CAMPAIGNERS last night persuaded councillors to look again at plans to privatise care for vulnerable adults.
Council carers currently provide intensive help to people with complex needs and a small proportion of routine care.
Kirklees Council wants to privatise this routine work – meaning the council’s share of the care sector would drop from 17.5% to 15%.
Officers claim the move would save taxpayers £1.3m a year.
But trade unionists fear that more privatisation will endanger vulnerable adults.
Unison forced councillors to hold a special debate on the controversial move after submitting a petition with more than 8,000 signatures last month.
Speaking at last night’s monthly council meeting at Huddersfield Town Hall, petition organiser Kathleen McHendry called on councillors to think again.

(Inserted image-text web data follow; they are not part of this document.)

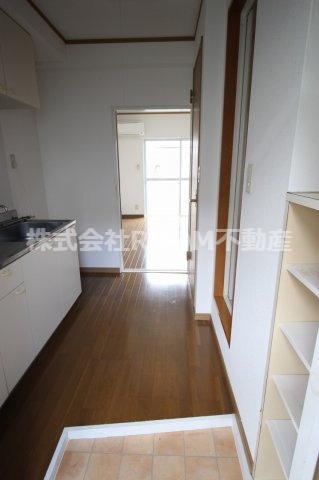 ニューサンシティコープの玄関|明るい玄関です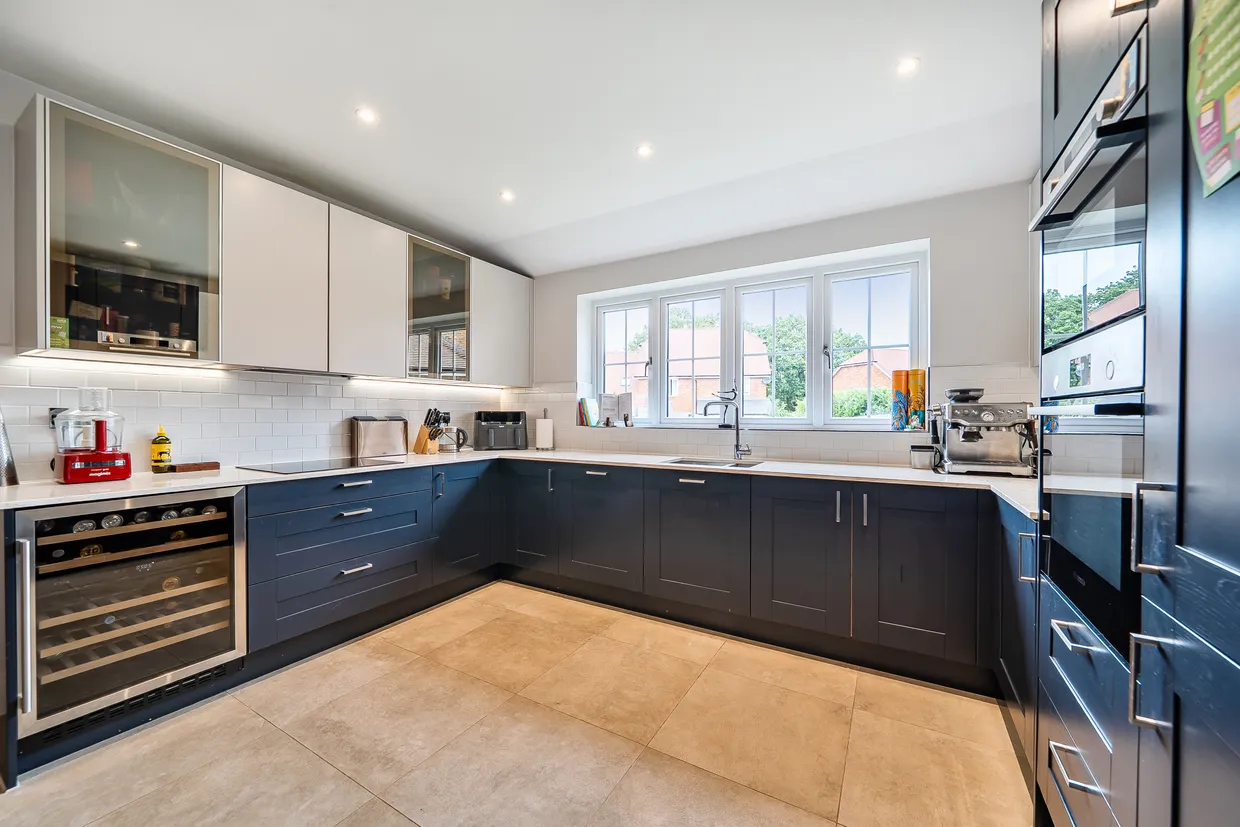 Tilney Drive, Horsham, RH12 photo 5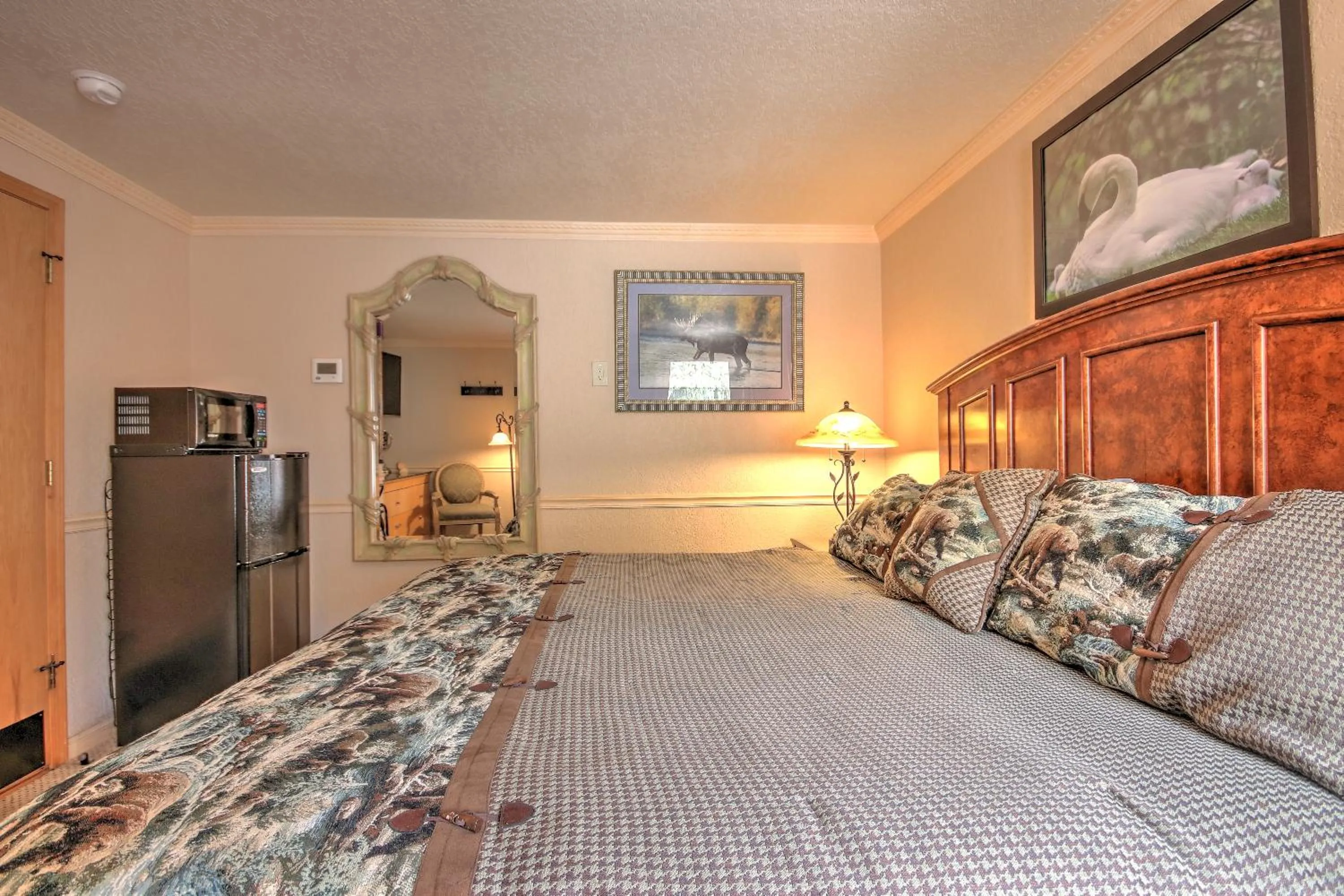 Bed in Yellowstone Gateway Inn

“I’m not saying that all private providers are bad, but they don’t have the same training or the same pay and conditions,” she said.

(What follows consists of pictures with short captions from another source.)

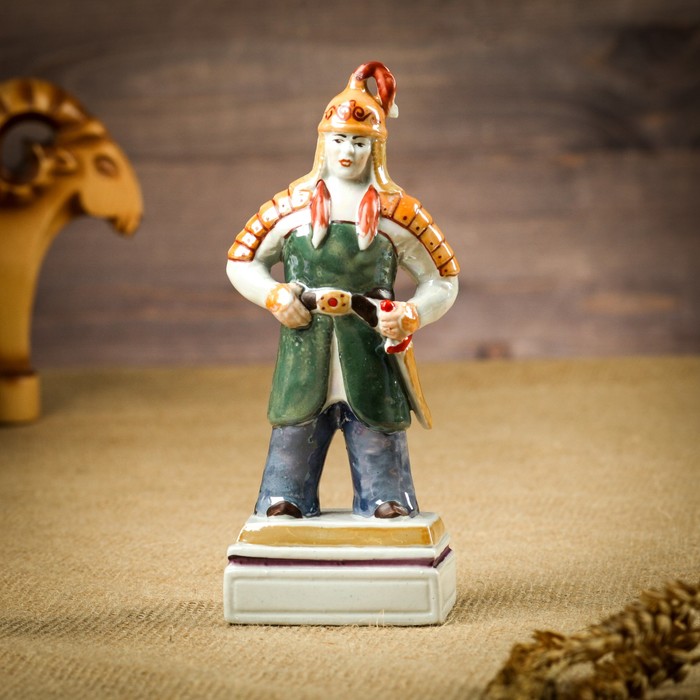 Сувенир "Воин" фарфор, ручная работа
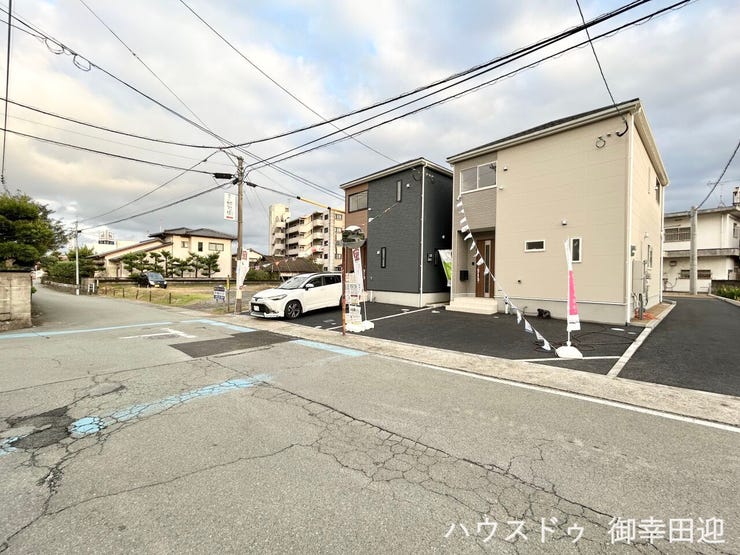 ■□■理想を叶える、新しい暮らしの舞台■□■
高いデザイン性と機能性を兼ね備えた住まい。ここで、家族の新しい物語が始まります。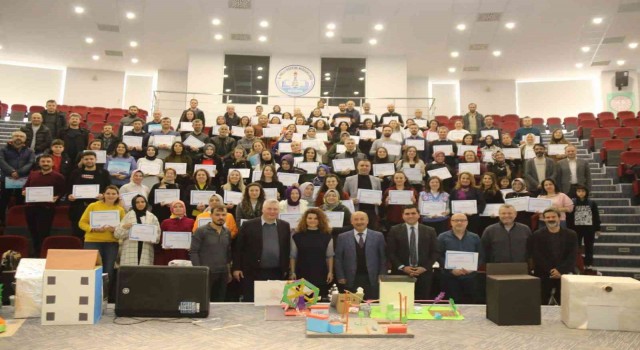 Kütahyada STEM Eğitimi Çalıştayında sınıf ve matematik branşı öğretmenlerine sertifika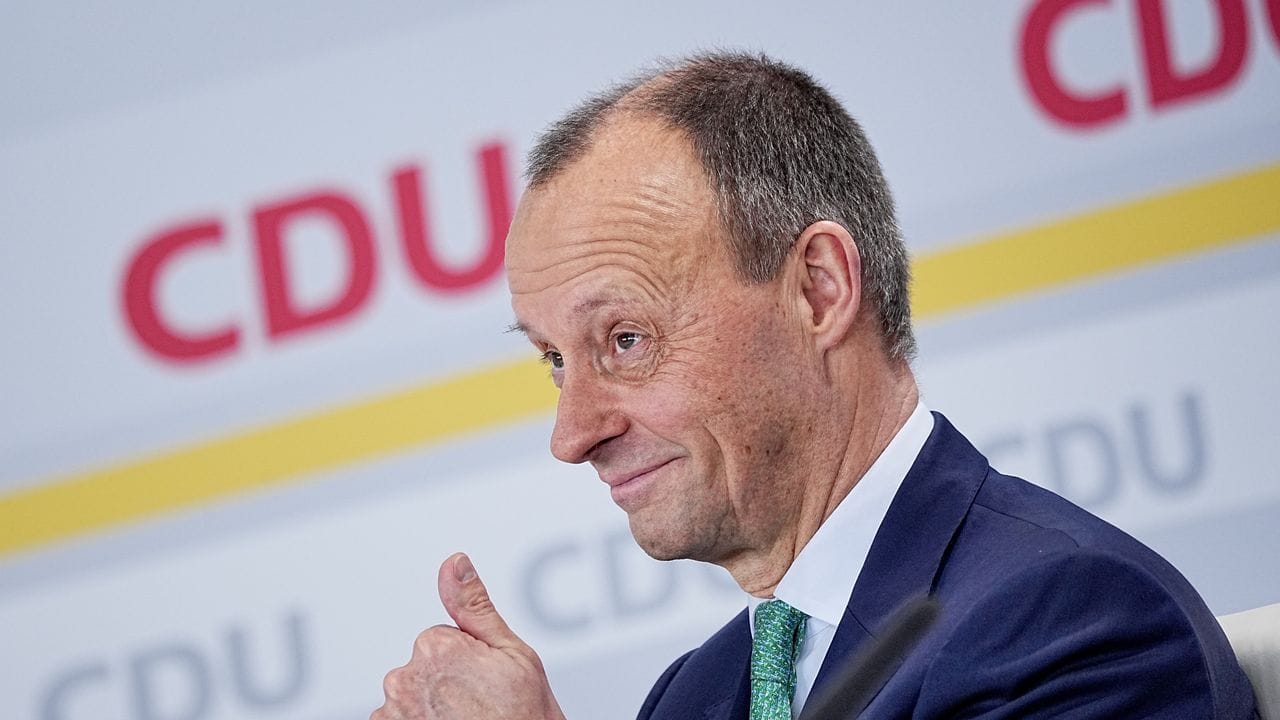 Daumen hoch: Beim dritten Anlauf hat es für Friedrich Merz geklappt. Daumen hoch: Beim dritten Anlauf hat es für Friedrich Merz geklappt.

“Watching a 20-minute video on manual handling doesn’t compare with a one-and-a-half day course.”
Ms McHendry told councillors that Kirklees carers did a better job than private staff.

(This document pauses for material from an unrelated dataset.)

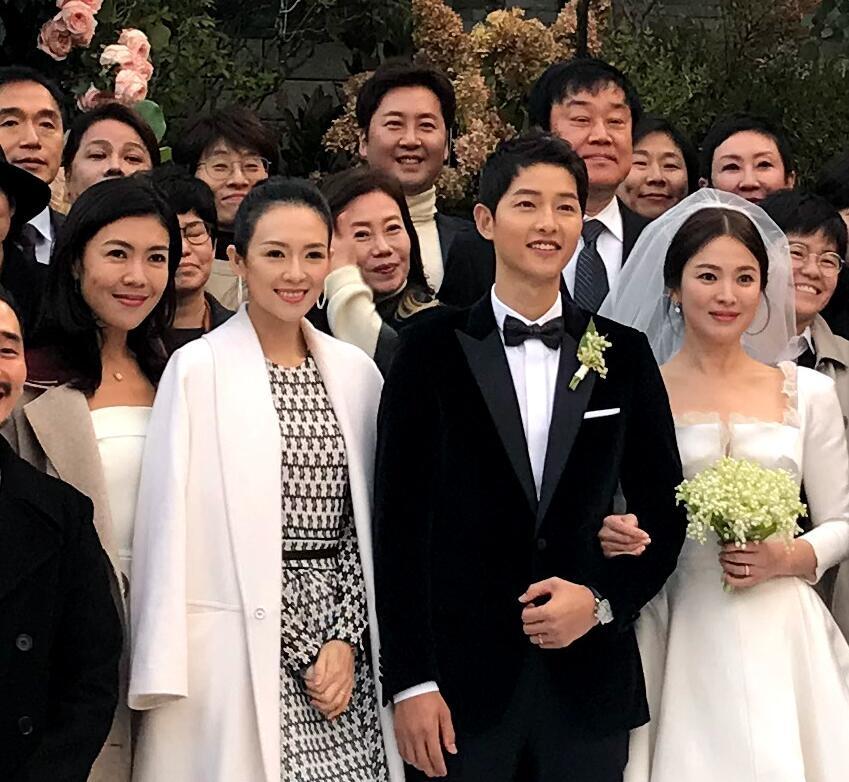 Sao Hàn 31/10: Song Hye Kyo ném 4 lần hoa cưới trong hôn lễ-1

“We get better pay and we are paid for our travel time,” she said. “This means it’s a job we value and are committed to. Less pay results in a higher turnover of staff.”
Holme Valley independent Clr Edgar Holroyd-Doveton agreed with Ms McHendry.
He told last night’s monthly meeting of Kirklees: “Time and time again we’ve seen that this ‘marketisation’ model doesn’t work. We need to retain a public service ethos.”
But Conservative Clr Liz Smaje defended private care companies.
The Birstall and Birkenshaw woman said: “There’s no evidence that those who work hard in the independent sector can’t provide quality of service. The public sector does not have a monopoly on compassion.”
Heckmondwike Labour man Clr David Sheard pointed out that private carers provided 19,000 hours of care every week in Kirklees while council staff did just 4,000. However, last year there were 11 formal complaints against Kirklees staff and 22 against private employees.
He added: “We should find a way to compete with the private sector on price if we want to keep the service in-house.
“To imply that all private care is bad care is not doing a service to the people who receive that care.”
Councillors then decided to “commission further investigation” into the privatisation plan. Labour and Lib Dems voted in favour while Conservatives abstained.